Giunto davanti al bar di Piazza Venezia, il 64 si svuoto di circa la meta del suo carico di bagaglio umano, di pensieri, di delusioni e di speranze quotidiane. A quel punto tutto l’umanità trasportata sul bus cittadino prese a recuperare dignità fisica, estetica e comportamentale. Questa quiete dopo la tempesta fu interrotta dal contemporaneo apparire, sulla vettura, di tre giovani controllori dell’ATAC, che, con garbo deciso, chiesero a tutti biglietti o tessera. Quando fu il mio turno, mostrai la tessera al giovane ispettore che con un sorriso mi chiese il biglietto per il pacco, in quanto di misura tale da dover essere pagato come un normale passeggero. Con tranquillità osservai che il pacco apparteneva a quella signora non tanto distante da me. Questa, inaspettatamente, nego le mie affermazioni, scatenando la mia reazione, che non fu creduta neppure dai presenti, ai quali chiedevo un consenso su quanto accaduto. Imbestialito, incredulo, mi qualificai, nel tentativo di convincere i controllori della mia buona fede; decisi di chiudere la faccenda pagando la sanzione, allorché mi accorsi di non avere più né portafogli né documenti.

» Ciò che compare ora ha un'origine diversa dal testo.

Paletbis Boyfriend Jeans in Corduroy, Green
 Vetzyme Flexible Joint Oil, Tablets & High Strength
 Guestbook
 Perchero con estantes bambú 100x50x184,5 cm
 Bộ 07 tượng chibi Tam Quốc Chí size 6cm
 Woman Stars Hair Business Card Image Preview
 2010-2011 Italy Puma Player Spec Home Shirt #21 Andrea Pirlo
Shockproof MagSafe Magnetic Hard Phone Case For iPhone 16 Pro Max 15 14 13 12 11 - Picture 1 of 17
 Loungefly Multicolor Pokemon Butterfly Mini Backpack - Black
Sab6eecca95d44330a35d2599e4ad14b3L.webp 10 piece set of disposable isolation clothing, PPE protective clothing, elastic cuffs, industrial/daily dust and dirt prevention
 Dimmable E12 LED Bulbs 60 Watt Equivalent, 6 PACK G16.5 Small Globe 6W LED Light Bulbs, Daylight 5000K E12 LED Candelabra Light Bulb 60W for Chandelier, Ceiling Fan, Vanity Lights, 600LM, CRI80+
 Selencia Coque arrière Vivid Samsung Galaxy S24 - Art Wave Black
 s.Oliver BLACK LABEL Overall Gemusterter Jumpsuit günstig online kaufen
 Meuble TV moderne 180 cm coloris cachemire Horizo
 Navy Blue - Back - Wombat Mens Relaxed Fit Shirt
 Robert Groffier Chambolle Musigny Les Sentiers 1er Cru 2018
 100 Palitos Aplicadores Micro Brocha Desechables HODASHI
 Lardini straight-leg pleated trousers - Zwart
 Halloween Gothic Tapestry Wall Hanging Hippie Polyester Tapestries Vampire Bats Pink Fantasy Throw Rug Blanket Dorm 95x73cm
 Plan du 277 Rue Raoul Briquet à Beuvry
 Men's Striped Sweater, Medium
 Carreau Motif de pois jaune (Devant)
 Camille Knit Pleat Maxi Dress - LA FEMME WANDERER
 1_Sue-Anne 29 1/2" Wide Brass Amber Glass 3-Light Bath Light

La situazione si era fatta inverosimile, kafkiana; ispettori e passeggeri pensavano probabilmente di assistere ad una rappresentazione teatrale “matine” nella quale un misero individuo, pur di non pagare il biglietto per quel pacco enorme, si mostrava pronto ad attaccare tutti, anziana signora inclusa e ad inventare perfino la storia del furto dei documenti Costretto a scendere dalla vettura, insieme a quel maledetto pacco, riuscii a spiegare l’intera vicenda e comunque a rassicurare il terzetto sulla affidabilità della mia persona, confermata via cellulare da un mio collega, sicuramente divertito dalla situazione. Facendo uno sforzo non indifferente presi a dirigermi verso la mia sede di lavoro. Indeciso se chiedere rinforzi a qualche collega, sentii una voce che chiamava “signore, signore”. Mi voltai e mi trovai di fronte quello che non avrei mai immaginato di vedere: la signora del pacco! Stavo per assalirla con una serie di ingiurie, quando, in preda ad un’ultima opzione di santita, ascoltai pazientemente le spiegazioni fornitemi da quello strano personaggio che diceva di essere vittima di una rarissima malattia dalla quale soltanto quel pacco poteva salvarla. Ero oramai convinto di avere di fronte una pazza, cosi ripresi la mia strada e soprattutto il pacco. Ma non era finita; la donna, avventandosi come una furia sul pacco, prese ad urlare come un ossesso “ladro, ladro”. Risposi al suo impeto con uno, due, tre, strattoni violenti per recuperare quel pacco che in definitiva consideravo mio quasi di diritto. Continuando ad urlare, la donna rimaneva aggrappata al pacco ed allora detti un ulteriore poderoso scossone che squarcio letteralmente il pacco di fronte alla piccola folla di curiosi che assisteva alla scena, facendo fuoriuscire tutto quello che nessuno al mondo avrebbe mai pensato potesse contenere, ossia…………tutte le cavolate che vi ho raccontato.